Raccogliendo l’appello ai sindacati di tutto il mondo il segretario generale della FIM-CISL, Marco Bentivogli e il responsabile dell’Ufficio Internazionale, Gianni Alioti hanno scritto una lettera al presidente della Repubblica Araba Egiziana, Abdelfattah al-Sisi e ai ministri del Lavoro e degli Affari Esteri, esprimendo la solidarietà dei metalmeccanici italiani con gli operai dei Cantieri Navali di Alessandria, sui quali pende un verdetto della corte militare.

In attesa di una sentenza, i lavoratori dovranno ancora subire un periodo di detenzione in condizioni orribili, semplicemente per essersi organizzati per un miglioramento della paga e delle condizioni lavorative. I ventisei operai sono stati denunciati e mandati a processo dopo che la polizia militare a maggio di quest’anno li aveva circondati e arrestati con l’accusa di “incitamento allo sciopero”.

I fatti risalgono al 22 e 23 maggio quando i ventisei operai avevano partecipato ad un sit-in pacifico sul posto di lavoro, insieme alla maggior parte dei loro 2500 colleghi. Le principali richieste dei lavoratori erano l’innalzamento dei salari al livello del salario minimo nazionale di 1200 lire egiziane al mese (circa 120 euro al cambio attuale), il versamento dei dividendi arretrati sui profitti dell’azienda, dei bonus annuali per il mese di Ramadan e l’assicurazione sanitaria, oltre alla richiesta di far ripartire la produzione su alcune delle linee dell’impianto.

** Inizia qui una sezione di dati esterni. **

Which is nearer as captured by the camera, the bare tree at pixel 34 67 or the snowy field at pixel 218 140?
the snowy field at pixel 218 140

Fondata come impianto civile decenni fa la Alexandria Shipyard Company è stata acquisita dal Ministero della Difesa nel 2007, ed è quindi di fatto proprietà delle Forze Armate, che in Egitto hanno interessi diretti non solo nell’economia bellica, ma anche in molti settori della produzione industriale, delle infrastrutture, dell’edilizia, ecc.

Il processo ai lavoratori è cominciato il 18 giugno, e una seconda udienza si è tenuta proprio lunedì presso la Corte Militare di Alessandria. La prossima udienza è stata nuovamente rinviata al 18 settembre.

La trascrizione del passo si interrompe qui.